Climate-friendly cities pledge solidarity with U.S. mayors ahead of Trump presidency
‘The recent U.S. election makes clear that you — America’s leading cities — are even more essential to accelerating climate action in the United States,’ five mayors wrote.
A coalition of the world’s most progressive cities on climate change have offered public support to their U. S. counterparts as they prepare for the incoming presidential administration of Donald Trump.
Five mayors who have signed up for the Carbon Neutral Cities Alliance, a network of 20 cities striving for complete carbon neutrality by 2050, issued an open letter of solidarity this week to the U. S. members of the network.
“The recent U. S. election makes clear that you — America’s leading cities — are even more essential to accelerating climate action in the United States,” the letter states. “This is increasingly important as your new national leadership abdicates responsibility for protecting Americans and the world from fossil fuel impacts to our people’s health, our economies, and our environment.”
The letter was sent by the mayors of Oslo, Rio de Janeiro, Stockholm, Sydney and Vancouver. It was addressed to their counterparts in Boston, Boulder, Minneapolis, New York, Portland, San Francisco, Seattle and Washington, DC.
The mayors warn of several possible actions that could be taken by the next U. S. president, who takes office in January. A Trump administration could undo environmental regulations that would reduce emissions from coal-fired power plants, for instance. It also could increase the production of oil, coal and natural gas, or approve new fossil-fuel pipelines. And it could cut U. S. financial support for international climate change efforts like the Paris Agreement, which came into effect last month.

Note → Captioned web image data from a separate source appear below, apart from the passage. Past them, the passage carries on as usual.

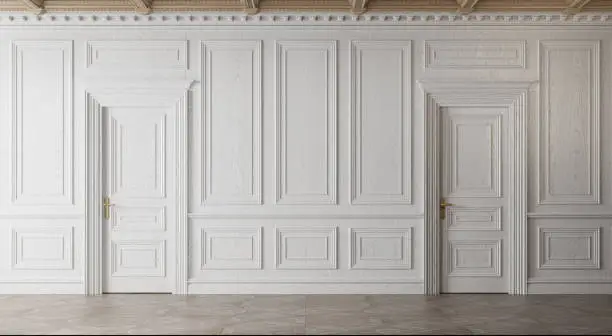 Photo of White empty room. Classic interior design.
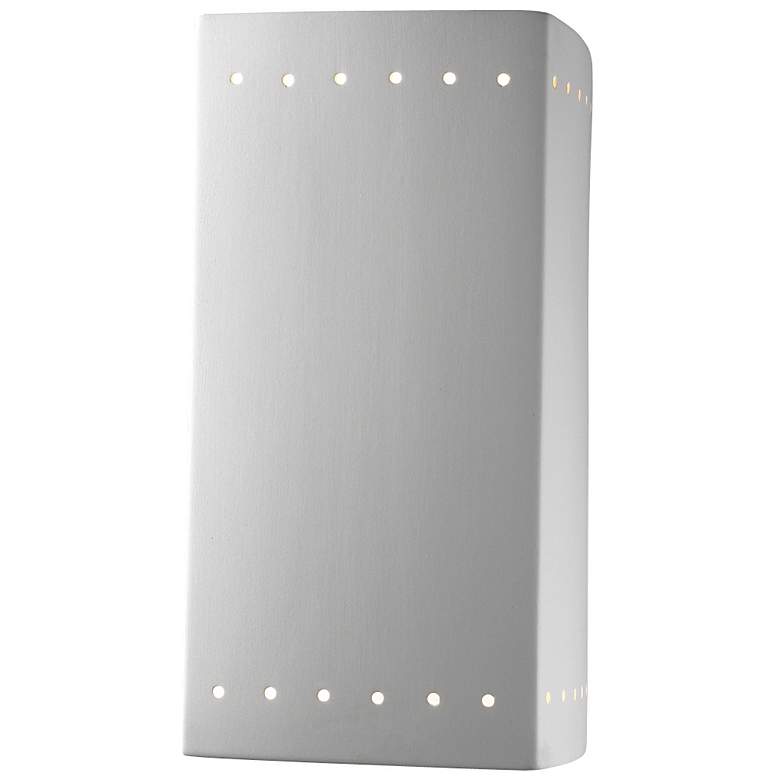 Image 1 Ambiance 13.5" Closed Top Bisque Large Rectangle w/ Perfs Wall Sconce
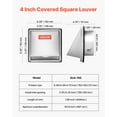 thumbnail image 2 of VEVOR 4 inch External Extractor Wall Vent Cover, Square AC Vent Gable Cover, Premium Stainless Steel & with Built-in a Protection Screen, for House,Bathroom,Garage,Kitchen,Basement (1 Pack, Silver), 2 of 9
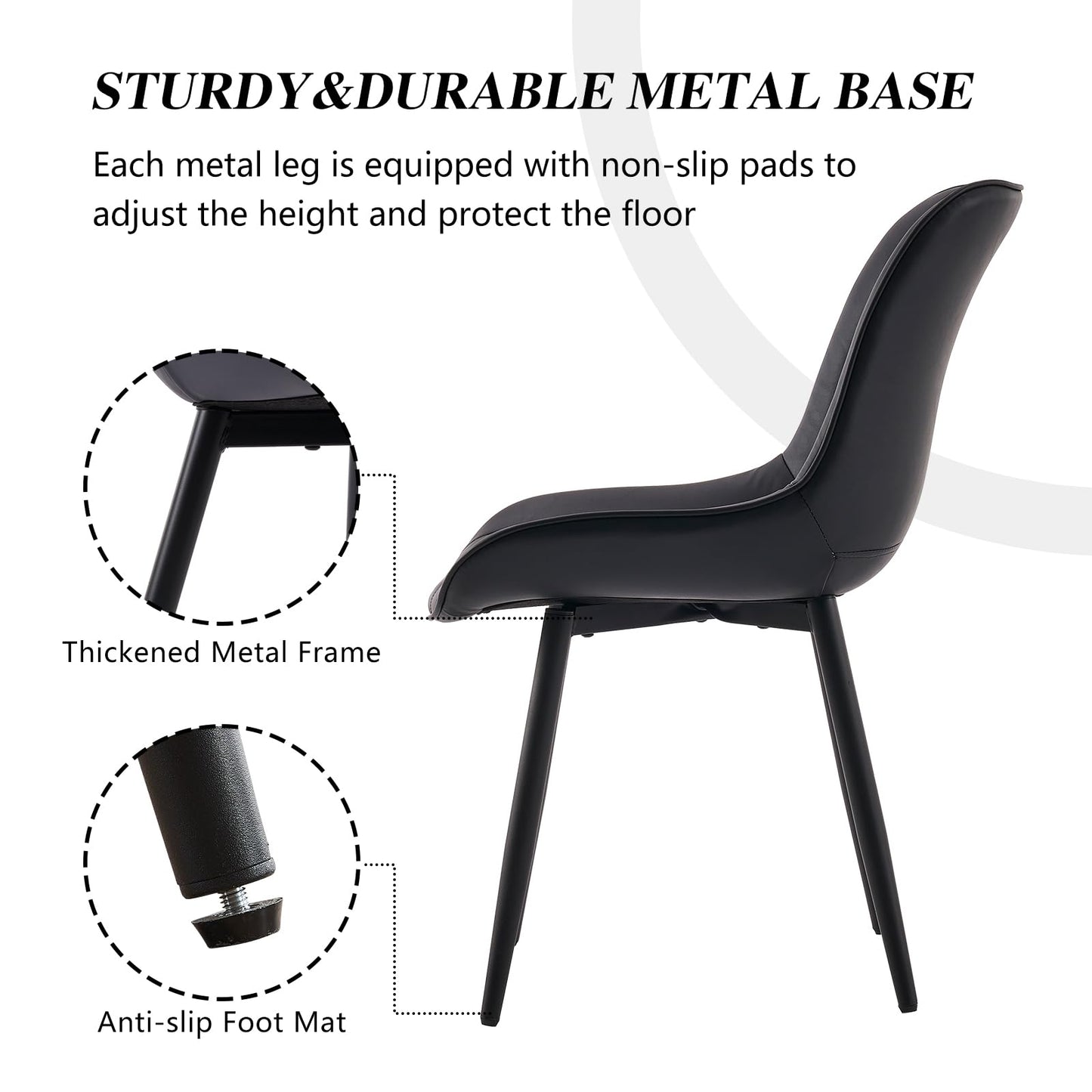 YOUNIKE Black Faux Leather Dining Chairs Set of 2 Mid-Century Modern High Padded Back Comfy Upholstered Kitchen Chairs with Metal Legs Wide Seat Accent Side Chair for Dining/Living/Waiting Room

“His cabinet picks are reflective of this regressive commitment,” the letter said. In the past few weeks, Trump has signaled his intention to name to his cabinet multiple figures that concern environmentalists. These include the chairman of gas giant ExxonMobil. They also include a known climate-change denier, as well as a governor who pledged as a presidential candidate to abolish the Department of Energy.
Some observers do see possible silver linings from the Trump presidency, whether in a major infrastructure plan or new decentralization that would empower local governments. Trump met briefly yesterday with the leadership of the U. S. Conference of Mayors, where he reportedly pledged to maintain a tax exemption on municipal bonds seen as essential to securing investment in infrastructure financing.
But on climate change, these cities — which have set the world’s most ambitious targets on carbon emissions — say they have not yet seen any redeeming features of a Trump White House.
“The U. S. election makes clear that subnational actors — especially cities — are America’s only hope now in terms of climate action,” said Johanna Partin, director of the Carbon Neutral Cities Alliance. “Climate action cannot take a sabbatical and wait another four years or another election cycle for more aggressive action.”
One tool that U. S. mayors will have at their disposal in the Trump era is a new policy strategy from the World Resources Institute, a Washington-based think tank.
“Roadmap to Support Local Climate Resilience: Lessons from the Rising Tides Summit” is an eight-point guide to bolstering defense against sea-level rise and storm surge in coastal communities. It came out of a bipartisan summit held last year and focuses on data collection, pre-disaster planning, interagency coordination, public-private partnerships and mainstreaming of resilience in policy design.
“During a time of exceptional divisiveness at the national level, this analysis is confirmation that bipartisan support exists at the local level to address the impacts of rising seas and more extreme weather,” said WRI U. S. Director Sam Adams, former Mayor of Portland, Oregon. “This roadmap offers a common-sense and fiscally responsible approach to how the federal government can invest in infrastructure that can withstand the impacts of climate change.”
Last month, a “king tide” — an extreme high tide — flooded cities and towns up and down the Florida coastline. Once a rare event, such high events are increasingly common. One in 1,000 storms is likewise picking up in intensity, such as Superstorm Sandy, which left Hoboken, New Jersey underwater for days in 2012.
“This is not a partisan issue. Republicans and Democrats alike are already seeing and living with the reality of climate change,” said Hoboken Mayor Dawn Zimmer. “The federal government has a responsibility to execute on common-sense measures to help protect our communities.”